----- DATA

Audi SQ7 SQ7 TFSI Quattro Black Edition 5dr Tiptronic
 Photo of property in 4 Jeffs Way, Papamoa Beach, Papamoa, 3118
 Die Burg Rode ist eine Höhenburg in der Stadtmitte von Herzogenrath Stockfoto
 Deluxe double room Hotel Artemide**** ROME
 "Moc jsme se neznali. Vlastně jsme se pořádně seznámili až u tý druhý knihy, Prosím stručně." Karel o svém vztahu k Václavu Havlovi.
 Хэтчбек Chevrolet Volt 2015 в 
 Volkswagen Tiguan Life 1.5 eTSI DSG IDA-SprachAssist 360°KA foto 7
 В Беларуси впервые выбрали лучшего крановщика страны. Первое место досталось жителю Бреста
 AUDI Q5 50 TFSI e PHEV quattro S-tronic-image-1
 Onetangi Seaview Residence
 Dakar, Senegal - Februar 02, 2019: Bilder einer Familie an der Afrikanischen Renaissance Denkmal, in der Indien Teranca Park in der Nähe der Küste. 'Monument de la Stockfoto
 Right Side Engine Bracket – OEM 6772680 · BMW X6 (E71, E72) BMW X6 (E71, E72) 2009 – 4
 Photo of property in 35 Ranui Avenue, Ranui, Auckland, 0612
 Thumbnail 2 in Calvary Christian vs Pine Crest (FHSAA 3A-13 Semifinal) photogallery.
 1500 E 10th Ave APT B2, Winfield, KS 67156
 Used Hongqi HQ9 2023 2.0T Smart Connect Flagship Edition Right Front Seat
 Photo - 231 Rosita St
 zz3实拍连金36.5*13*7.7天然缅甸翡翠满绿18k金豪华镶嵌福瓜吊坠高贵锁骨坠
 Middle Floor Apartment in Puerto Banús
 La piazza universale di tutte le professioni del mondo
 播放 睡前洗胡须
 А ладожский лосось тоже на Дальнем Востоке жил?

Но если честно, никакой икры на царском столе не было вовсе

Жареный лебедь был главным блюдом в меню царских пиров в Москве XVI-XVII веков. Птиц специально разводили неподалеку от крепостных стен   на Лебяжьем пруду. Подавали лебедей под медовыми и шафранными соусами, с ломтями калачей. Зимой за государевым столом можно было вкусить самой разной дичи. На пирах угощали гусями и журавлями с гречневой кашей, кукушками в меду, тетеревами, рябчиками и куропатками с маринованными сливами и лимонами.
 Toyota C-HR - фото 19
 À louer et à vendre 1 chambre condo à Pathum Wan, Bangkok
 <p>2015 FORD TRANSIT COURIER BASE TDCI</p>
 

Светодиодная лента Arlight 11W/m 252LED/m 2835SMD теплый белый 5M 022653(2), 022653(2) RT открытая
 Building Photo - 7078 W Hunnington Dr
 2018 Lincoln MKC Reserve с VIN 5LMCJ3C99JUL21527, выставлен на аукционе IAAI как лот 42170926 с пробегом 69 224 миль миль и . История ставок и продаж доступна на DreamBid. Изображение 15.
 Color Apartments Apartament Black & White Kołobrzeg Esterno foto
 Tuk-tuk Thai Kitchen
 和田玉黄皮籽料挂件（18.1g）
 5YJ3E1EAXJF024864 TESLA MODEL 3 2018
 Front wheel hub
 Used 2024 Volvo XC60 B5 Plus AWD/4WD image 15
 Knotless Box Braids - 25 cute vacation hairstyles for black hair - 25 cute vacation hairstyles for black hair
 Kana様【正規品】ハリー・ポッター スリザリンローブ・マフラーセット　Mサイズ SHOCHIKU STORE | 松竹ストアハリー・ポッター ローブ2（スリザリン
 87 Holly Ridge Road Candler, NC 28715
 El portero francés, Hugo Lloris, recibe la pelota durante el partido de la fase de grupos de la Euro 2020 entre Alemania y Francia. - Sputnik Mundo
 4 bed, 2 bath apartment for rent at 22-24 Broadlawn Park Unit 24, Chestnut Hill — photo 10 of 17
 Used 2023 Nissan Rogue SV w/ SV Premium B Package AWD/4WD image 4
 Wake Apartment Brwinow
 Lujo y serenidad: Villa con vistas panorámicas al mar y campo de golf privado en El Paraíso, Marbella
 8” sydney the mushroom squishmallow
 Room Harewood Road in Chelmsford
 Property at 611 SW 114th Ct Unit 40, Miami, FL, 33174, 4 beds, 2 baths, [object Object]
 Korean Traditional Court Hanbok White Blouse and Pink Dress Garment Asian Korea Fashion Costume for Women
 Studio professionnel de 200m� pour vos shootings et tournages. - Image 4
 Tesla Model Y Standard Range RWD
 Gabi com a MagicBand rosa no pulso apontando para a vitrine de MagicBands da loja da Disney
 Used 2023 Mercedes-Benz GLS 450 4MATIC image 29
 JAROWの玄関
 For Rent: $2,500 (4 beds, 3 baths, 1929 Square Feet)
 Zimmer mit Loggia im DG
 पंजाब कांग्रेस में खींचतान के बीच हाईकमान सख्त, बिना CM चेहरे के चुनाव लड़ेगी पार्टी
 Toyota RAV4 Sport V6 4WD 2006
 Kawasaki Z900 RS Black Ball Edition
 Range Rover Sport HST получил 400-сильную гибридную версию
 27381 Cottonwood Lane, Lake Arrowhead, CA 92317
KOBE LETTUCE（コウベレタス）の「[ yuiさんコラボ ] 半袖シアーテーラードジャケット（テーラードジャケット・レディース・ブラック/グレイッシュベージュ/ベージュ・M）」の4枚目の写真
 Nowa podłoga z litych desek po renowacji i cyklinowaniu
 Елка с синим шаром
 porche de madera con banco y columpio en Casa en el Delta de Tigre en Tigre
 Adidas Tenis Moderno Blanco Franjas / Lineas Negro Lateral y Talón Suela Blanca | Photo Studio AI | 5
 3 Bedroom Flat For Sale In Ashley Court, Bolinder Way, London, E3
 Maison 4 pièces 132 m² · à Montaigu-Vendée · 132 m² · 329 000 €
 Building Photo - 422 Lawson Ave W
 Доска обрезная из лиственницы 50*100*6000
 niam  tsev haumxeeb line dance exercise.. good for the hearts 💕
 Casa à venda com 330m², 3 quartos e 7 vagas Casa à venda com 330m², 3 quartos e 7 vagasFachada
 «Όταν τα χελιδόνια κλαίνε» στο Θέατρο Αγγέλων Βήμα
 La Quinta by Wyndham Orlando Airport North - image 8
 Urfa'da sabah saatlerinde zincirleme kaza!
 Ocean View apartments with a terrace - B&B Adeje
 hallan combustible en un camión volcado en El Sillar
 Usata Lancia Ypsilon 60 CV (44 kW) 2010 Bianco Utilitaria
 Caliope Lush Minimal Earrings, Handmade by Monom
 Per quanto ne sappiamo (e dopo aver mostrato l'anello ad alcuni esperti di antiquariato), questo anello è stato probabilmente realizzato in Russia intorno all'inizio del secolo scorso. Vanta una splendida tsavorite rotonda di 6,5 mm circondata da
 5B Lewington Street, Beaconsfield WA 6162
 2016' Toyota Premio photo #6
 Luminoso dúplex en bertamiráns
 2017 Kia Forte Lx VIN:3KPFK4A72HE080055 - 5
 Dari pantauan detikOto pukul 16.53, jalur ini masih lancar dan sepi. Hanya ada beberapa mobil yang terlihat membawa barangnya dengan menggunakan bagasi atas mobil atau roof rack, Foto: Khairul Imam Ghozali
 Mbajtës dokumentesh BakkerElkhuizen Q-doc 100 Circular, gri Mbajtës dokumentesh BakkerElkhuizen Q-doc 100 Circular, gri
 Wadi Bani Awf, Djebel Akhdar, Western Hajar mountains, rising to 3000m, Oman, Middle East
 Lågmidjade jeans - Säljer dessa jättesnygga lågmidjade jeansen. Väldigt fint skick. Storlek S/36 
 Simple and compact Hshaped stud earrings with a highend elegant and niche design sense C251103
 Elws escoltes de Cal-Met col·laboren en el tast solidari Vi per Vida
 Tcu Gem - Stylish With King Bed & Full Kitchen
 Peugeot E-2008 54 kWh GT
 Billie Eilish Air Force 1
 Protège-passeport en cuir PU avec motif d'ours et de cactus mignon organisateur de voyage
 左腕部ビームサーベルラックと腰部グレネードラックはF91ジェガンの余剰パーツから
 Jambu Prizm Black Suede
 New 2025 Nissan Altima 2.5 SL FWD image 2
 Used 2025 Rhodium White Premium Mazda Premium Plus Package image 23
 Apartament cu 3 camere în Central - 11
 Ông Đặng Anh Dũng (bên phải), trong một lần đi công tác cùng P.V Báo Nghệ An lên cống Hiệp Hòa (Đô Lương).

----------

# EXERCISE GOAL
Every line from the one that holds "Tcu Gem - Stylish" to the end of the data above should be given again exactly, with that line and the last one both kept.

# TASK RESULT
 Tcu Gem - Stylish With King Bed & Full Kitchen
 Peugeot E-2008 54 kWh GT
 Billie Eilish Air Force 1
 Protège-passeport en cuir PU avec motif d'ours et de cactus mignon organisateur de voyage
 左腕部ビームサーベルラックと腰部グレネードラックはF91ジェガンの余剰パーツから
 Jambu Prizm Black Suede
 New 2025 Nissan Altima 2.5 SL FWD image 2
 Used 2025 Rhodium White Premium Mazda Premium Plus Package image 23
 Apartament cu 3 camere în Central - 11
 Ông Đặng Anh Dũng (bên phải), trong một lần đi công tác cùng P.V Báo Nghệ An lên cống Hiệp Hòa (Đô Lương).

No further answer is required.